▶ _DIRECTIONS_:
Every record must be given again word for word; no picture belongs in the copy.

▶ _MATERIAL FOR THE TASK_:
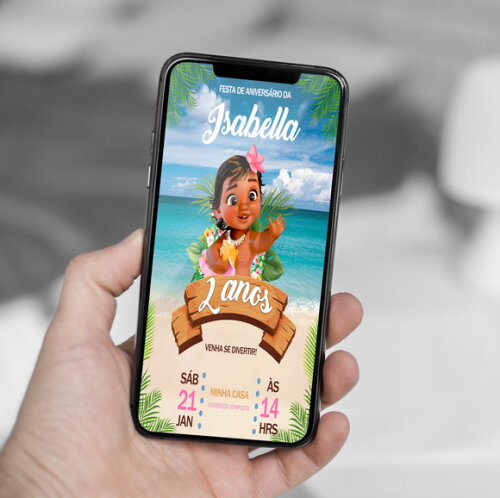 Convite de Aniversário Convite Digital Moana Baby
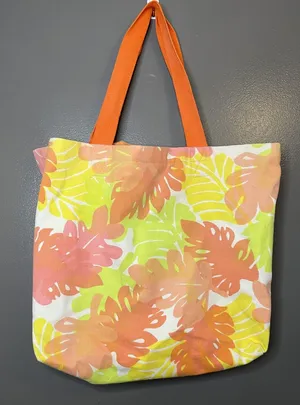 La Blanca Tote Bag Womens One Size Orange Pink Yellow Tropical Leaf Beach Purse thumbnail 1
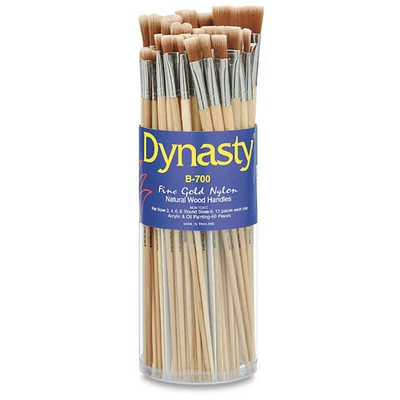 FM Brush Dynasty® Dupont Tynex Natural & Gold Assorted Flat Nylon Cylinder Brush Set, 60 Pieces
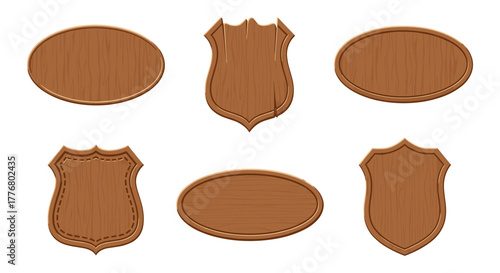 Wooden sign templates set with retro shields and ovals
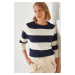 Bianco Lucci Women's Striped Sweater Raglan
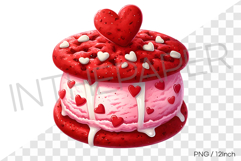 Heart candy decorated macaron sandwich ice cream PNG clipart Product Image 1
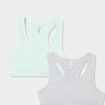 Lot 2 brassi&egrave;res effet c&ocirc;tel&eacute; coton vert clair fille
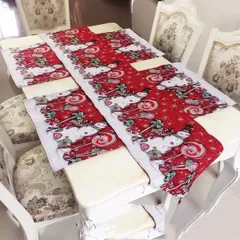 Bộ 5 tấm trải bàn ăn Giáng Sinh cao cấp với họa tiết người tuyết, bông tuyết và hoa đỏ - Trang trí tiệc Giáng Sinh ấm cúng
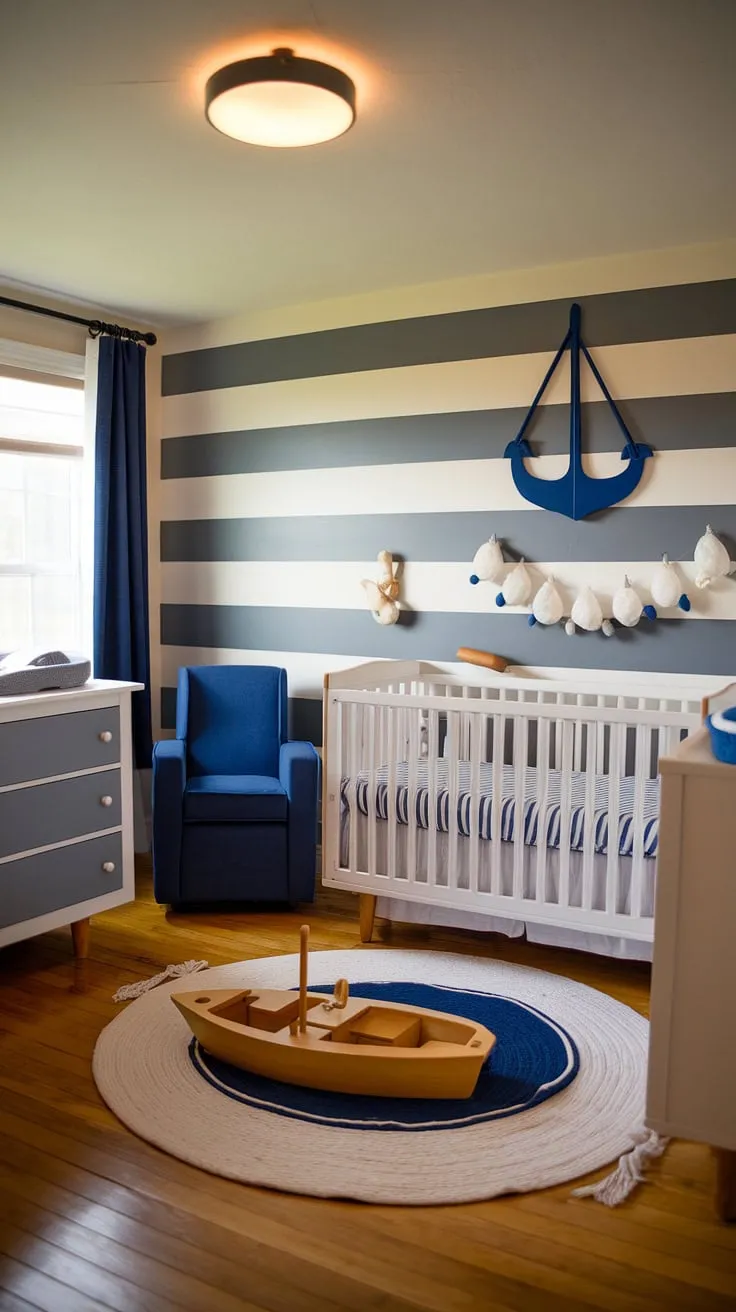Drift away to dreamland in this serene baby boy nursery.  The clever nursery room design features a calming gray and white striped accent nursery wall, creating the perfect backdrop for this baby room.  The white furniture and pops of blue offer a sophisticated take on baby room themes, making this space a haven of nursery inspo.  This baby room design is a treasure trove of baby room inspiration, perfect for parents seeking a stylish and functional baby boy room.
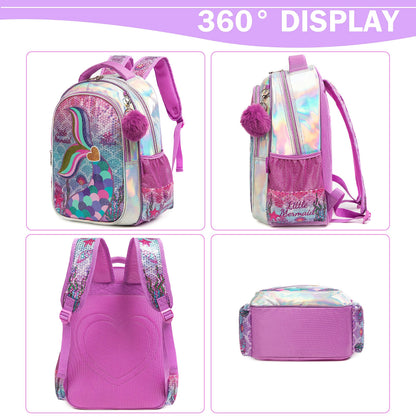 Sequin Mermaid Design Backpack with Lunch Box Set for Kids childrensterritory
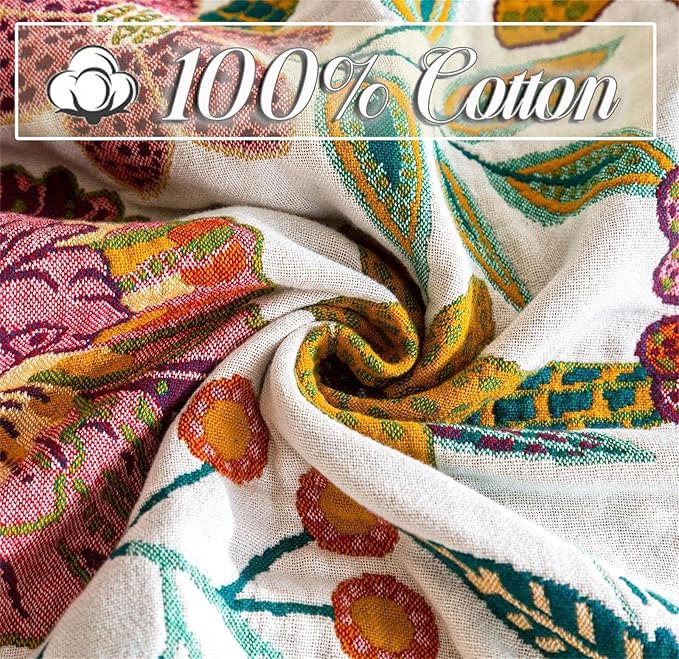 Summer Throw Blanket for Couch Bed Chair, 100% Cotton Muslin Breathable Woven Throws 60''x 80'' Boho Vintage Quilt for All Seasons Warm Lightweight Farmhouse Blankets Home Decoration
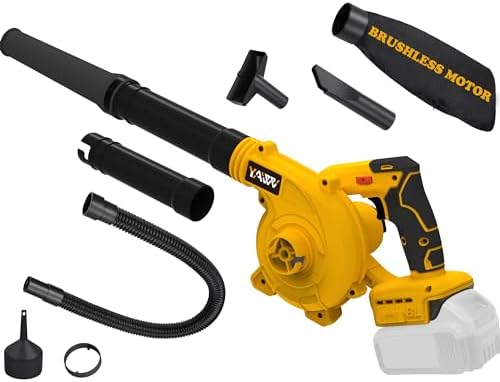 Cordless Leaf Blower for Dewalt 20V Max Battery,Electric Jobsite Air Blower with Brushless Motor,6 Variable Speed Up to 180MPH,2-in-1 Handle Electric Blower and Vacuum Cleaner(Tool Only) by YAWV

▶ _WORKED SOLUTION_:
 Convite de Aniversário Convite Digital Moana Baby
 La Blanca Tote Bag Womens One Size Orange Pink Yellow Tropical Leaf Beach Purse thumbnail 1
 FM Brush Dynasty® Dupont Tynex Natural & Gold Assorted Flat Nylon Cylinder Brush Set, 60 Pieces
 Wooden sign templates set with retro shields and ovals
 Bianco Lucci Women's Striped Sweater Raglan
 Heart candy decorated macaron sandwich ice cream PNG clipart Product Image 1
 Lot 2 brassi&egrave;res effet c&ocirc;tel&eacute; coton vert clair fille
 Bộ 5 tấm trải bàn ăn Giáng Sinh cao cấp với họa tiết người tuyết, bông tuyết và hoa đỏ - Trang trí tiệc Giáng Sinh ấm cúng
Drift away to dreamland in this serene baby boy nursery.  The clever nursery room design features a calming gray and white striped accent nursery wall, creating the perfect backdrop for this baby room.  The white furniture and pops of blue offer a sophisticated take on baby room themes, making this space a haven of nursery inspo.  This baby room design is a treasure trove of baby room inspiration, perfect for parents seeking a stylish and functional baby boy room.
 Sequin Mermaid Design Backpack with Lunch Box Set for Kids childrensterritory
 Summer Throw Blanket for Couch Bed Chair, 100% Cotton Muslin Breathable Woven Throws 60''x 80'' Boho Vintage Quilt for All Seasons Warm Lightweight Farmhouse Blankets Home Decoration
 Cordless Leaf Blower for Dewalt 20V Max Battery,Electric Jobsite Air Blower with Brushless Motor,6 Variable Speed Up to 180MPH,2-in-1 Handle Electric Blower and Vacuum Cleaner(Tool Only) by YAWV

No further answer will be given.